How does his first attempt at a budget appear?

$2,080 Take Home Pay

$208 Emergency Fund
$20 Charity (Hey, it’s a start.)
$208 Contingency Fund

That leaves him $1,644. He knows that isn’t going to be enough, so we back up and try again.

$108 Emergency Fund
$20 Charity (Hey, it’s a start.)
$108 Contingency Fund

Now he has $1,844.

$500 Rent
$150 Electricity:
$0 Water: Included in the rent.
$300 Car Payment:
$130 Gasoline:
$25 Minimum Credit Card Payment
$35 Cable TV
$125 Cell Phone: Unlimited Data Plan
$300 Grocery Store Food:
$100 Restaurant Food and Beverages:
$0 Clothing Allowance

That leaves him with $179 after covering the basics.

Jim has a credit card balance of $800. He also has $600 in savings. He wants to start envelopes for car repair, insurance ($1,200 auto and renters), and vacation.

He knows he needs to start an envelope for insurance that is going to take $100 a month. That leaves him with only $79. He wants to put $30 a month into the car repair envelope, so he is left with $49 for vacation.

Jim knows there is a good chance he will take home an extra $100 in overtime. He can plan for that money in his basic budget, but he can plan on how to use it if he gets it. His decision is to split any overtime between vacation and paying down that credit card. Of course, I would go after the credit card balance before planning a vacation, but this isn't my budget. It is Jim’s budget.
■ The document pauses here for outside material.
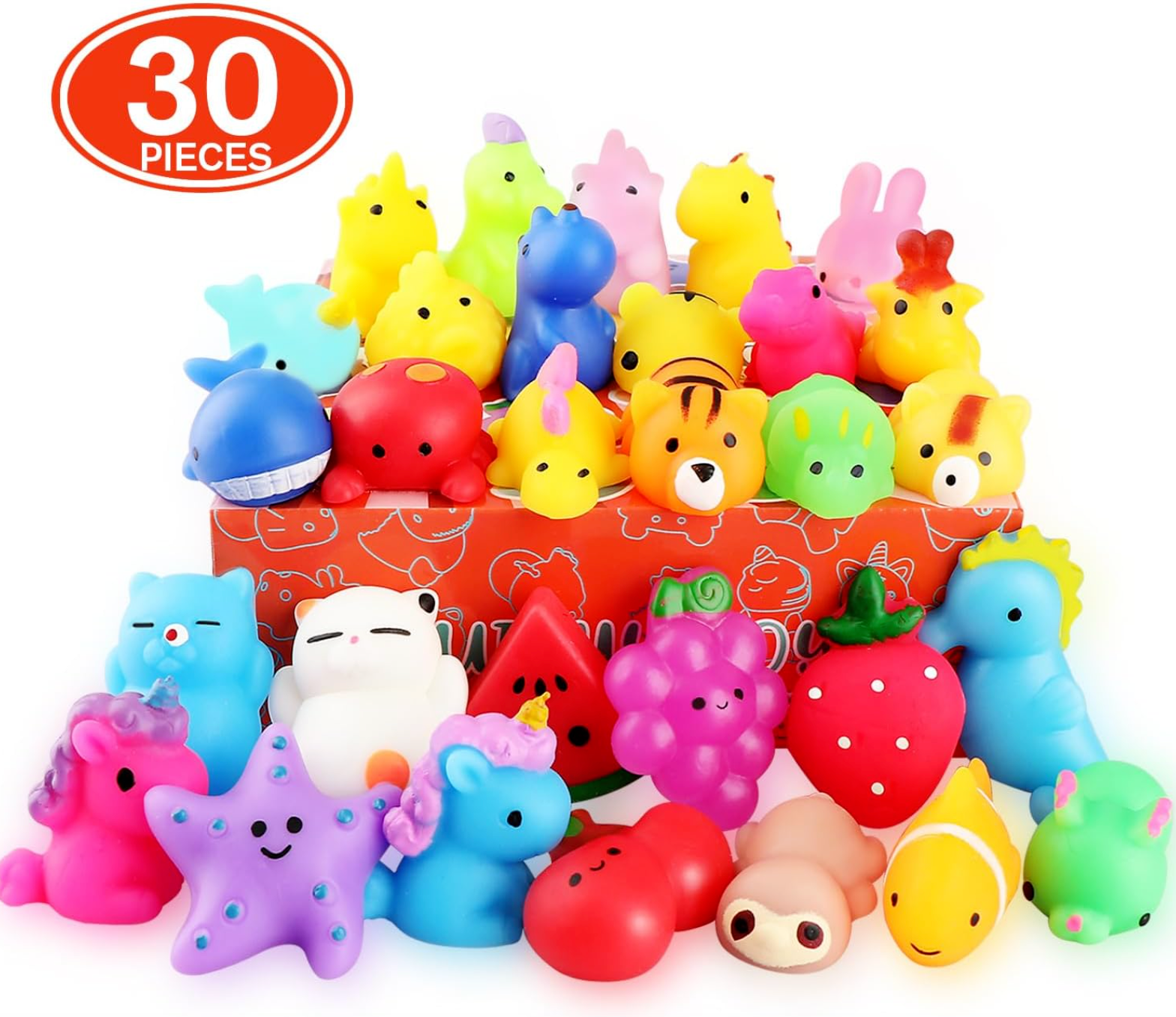 30Pcs Squishies Squishy Toys Mochi Squishy Toy for Kids 30Pcs Squishies Squishy Toys Mochi Squishy Toy for Kids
After carefully accounting for every single penny expended, here is how the month worked out for Jim.

$2,080 base pay + $80 in overtime

$108 Emergency Fund (New Emergency Fund Balance $708)
$20 Charity (Hey, it’s a start.) Spent as planned
$108 Contingency Fund

$500 Rent: Spent as planned.
$150 Electricity: Actual bill $140. Difference $10 Jim put on some more clothes so he could turn down the thermostat.
$0 Water: Included in the rent.
$300 Car Payment: Spent as planned.
$130 Gasoline: $150 actual. Difference -$20. A refinery in Texas burned down causing a spike in fuel prices.
$25 Minimum Credit Card Payment Spent as planned.
$35 Cable TV Spent as planned.
$125 Cell Phone: Unlimited Data Plan Spent as planned.
$300 Grocery Store Food: $290 actual Difference: $10
$100 Restaurant Food and Beverages: $150 Actual--Difference: -$50 Whoops!
$0 Clothing Allowance $0 Spent

$100 Insurance Envelope New Balance $100
$ 30 Car Repair Envelope New Balance $30
$ 49 Vacation Envelope New Balance $49

In this example Jim had to take a total of $50 out of the Contingency Fund to cover the Super Bowl party at the local sports bar, leaving a balance of $58 at the end of the month.
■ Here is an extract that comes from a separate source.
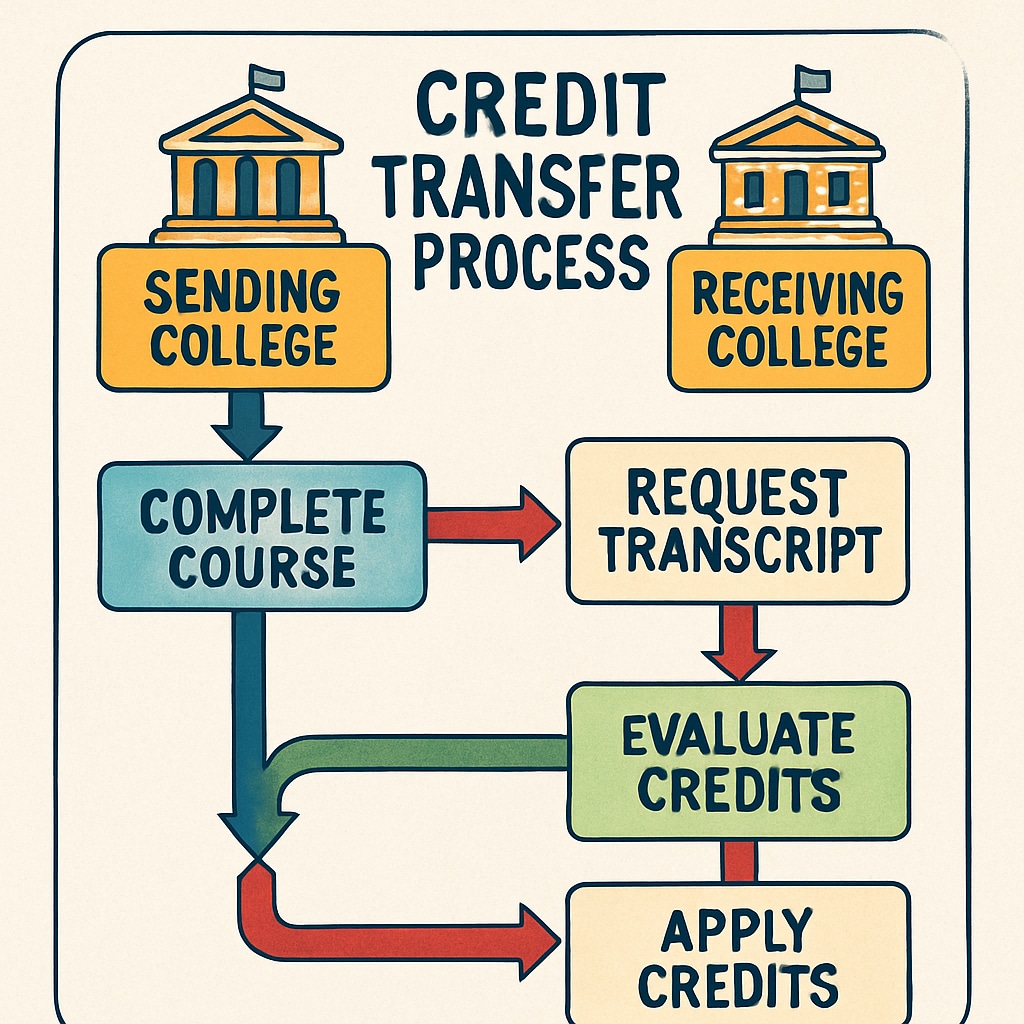 Credit transfer pathways between educational institutions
Question: Where does this money go?

Answer: Anywhere Jim wants it to go. It is his budget. He is a little worried about only having $100 in the Car Insurance Envelope so he decided to raise that to $158 with the leftover money.
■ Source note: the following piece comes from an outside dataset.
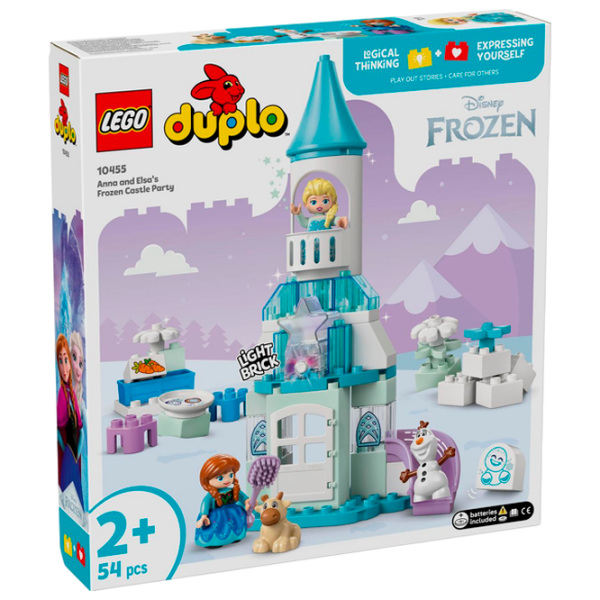 Constructor LEGO Anna And Elsa's Frozen Castle Party White Numărul de piese 54, 2+ photo 1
Leftover money? What a concept!

$80 in overtime was split as planned.

$40 went along with the $25 minimum payment lowering the credit card balance to $735. $40 went to the vacation envelope raising that total to $89.

Conclusion and Proof

When you start out try to keep this process as simple as possible. The less effort required in the beginning the more likely it will be that you will continue to live on a budget. Be honest, remembering the proof is in the pudding. If your net worth increases at a regular and acceptable rate your budget is working. If you net worth is decreasing, what you are doing is not working.